Porque a nossa memória não é um mero cesto abarrotado de objetos, ou um cartão de memória ou pendrive plenos de arquivos digitais soltos. A nossa memória não é um CD de música ou DVD de filme esquecido na estante, ou no fundo de um armário qualquer (pelo fato de não se ter mais um dispositivo que os leia, e que nos possa contar as histórias de como antes sabíamos nos divertir com tão pouco).
A nossa memória só é, de fato, construída, quando selecionamos os melhores momentos dentre os vários iguais, quando olhamos mais de uma vez o que nos encantou a alma pela beleza ou pelo inusitado. Não basta saber "que está lá"; é preciso pegar na mão, olhar de novo, mostrar a alguém querido o que nos chamou a atenção no passado. Precisamos mostrar a nós mesmos que não morremos no passado inerte dos arquivos de dados, mas que estamos salvos - e por que estamos salvos.
Se você não revê o fato registrado, não dá replay em cenas antigas, não lê manuscritos criados por antigas mãos e construídos com desatualizadas ortografias, como sentir o peso da memória?
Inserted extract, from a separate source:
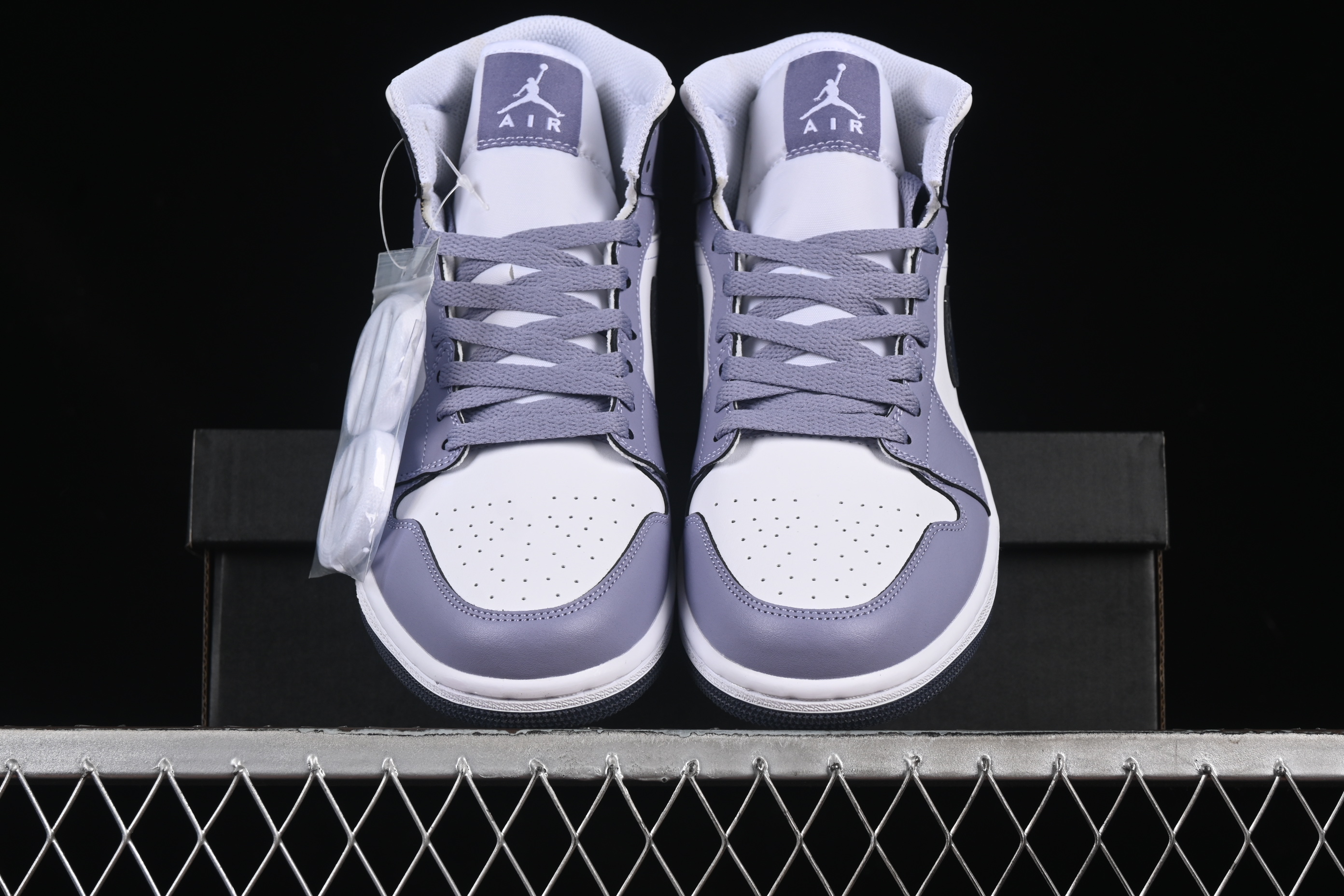 Nike Air Jordan 1 Mid AJ1 Culture Casual Sneakers in Haze Purple - DQ8426-145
Como avaliar o que é mais marcante, o que pesa mais ao coração? Como saber quais são, de fato, as memórias mais valiosas para você?
Vivemos a ilusão de estar num grande presente permanente, como se todos nós, pelo fato de estarmos permanentemente online, não tivéssemos passado nem futuro. Como se nós, seres das redes digitais, fôssemos eternamente jovens (e não fôssemos envelhecer), como se não precisássemos nos preocupar com o passado, nem com o futuro - e muito menos com o excesso de lixo digital diário que produzimos de forma nada ecológica, nem inteligente.
O que você vem produzindo digitalmente que está apenas no seu celular ou no seu computador, e ninguém sabe? Quantas pesquisas temáticas você fez, quantos dados reuniu por alguma razão e, depois, largou esquecidos em algum diretório de backup? Por que não rever essas pesquisas, selecionar essas informações e reorganizá-las em algum blog, livro ou até mesmo trazê-las à lembrança para enriquecer uma conversa entre amigos?
Quantas fotografias você tirou e não revelou, não transformou em porta-retratos ou fotolivros, ou quadros? Quantas imagens belas estão escondidas dos olhos dos seus familiares e amigos? Quantos fatos importantes para você passaram longe dos olhos de seus filhos e parceiros?
Precisamos relembrar que a memória só persiste se é feita de dados bem coletados, armazenados com carinho e dedicação em lugares certos. Necessitamos resgatar a vida que há em nossos arquivos mortos. Viver não é só produzir, criar por criar, mas é também relembrar e reproduzir. Afinal, para que servem as memórias, se não for para a gente acariciá-las e compartilhá-las com afeto?